FFT-Mamba-guided Lung Parenchyma Segmentation and Radiomics Representation for COPD Staging Diagnosis

Chronic obstructive pulmonary disease (COPD) is a common chronic respiratory disease with a high mortality rate. Early diagnosis of risk grading is of great significance for clinical guidance and treatment. In this paper, we propose an automated COPD staging diagnosis model by combining deep/machine learning and computed tomography (CT) scan analysis. This model is composed of three parts: lung parenchyma segmentation, imaging feature analysis, and classification. Firstly, the fast Fourier transform (FFT)-guided dual branch Mamba model is proposed achieve accurate lung parenchyma segmentation in 2-dimensional CT slice images, in which FFT can improve the model's performance to capture edge and texture information. Next, the Radiomics is employed to analysis the features of segmented 3-dimensional lung parenchyma in CT scans.
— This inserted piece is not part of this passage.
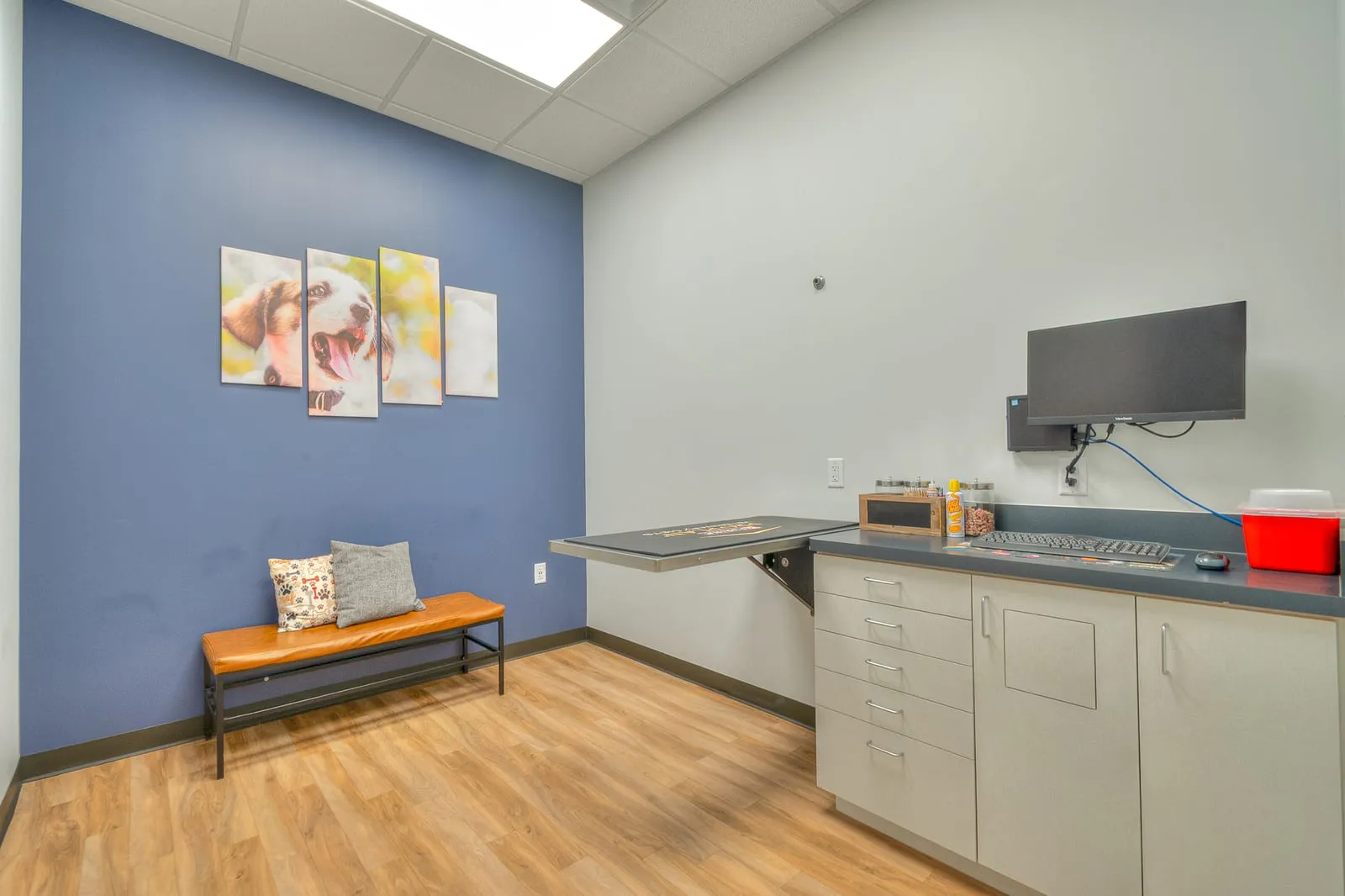 Exam room at Fish Creek Animal Hospital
After effective feature selection, the machine learning classifiers (i.e., K-Nearest Neighbor, Linear Discriminant Analysis, and Support Vector Machine) are used to achieve staged diagnosis of patients with COPD. The experimental results demonstrate that the lung parenchyma segmentation model proposed in this paper has good segmentation performance in CT slice images, with IoU of 0.9819 and Dice of 0.9908. Meanwhile, through 5-fold cross validation, the support vector machine classifier can obtain the best classification performance for COPD staging diagnosis, with the accuracy of 88.57%. The above results prove that the model proposed in this paper has superior diagnosis performance and clinical application potential in small sample situations.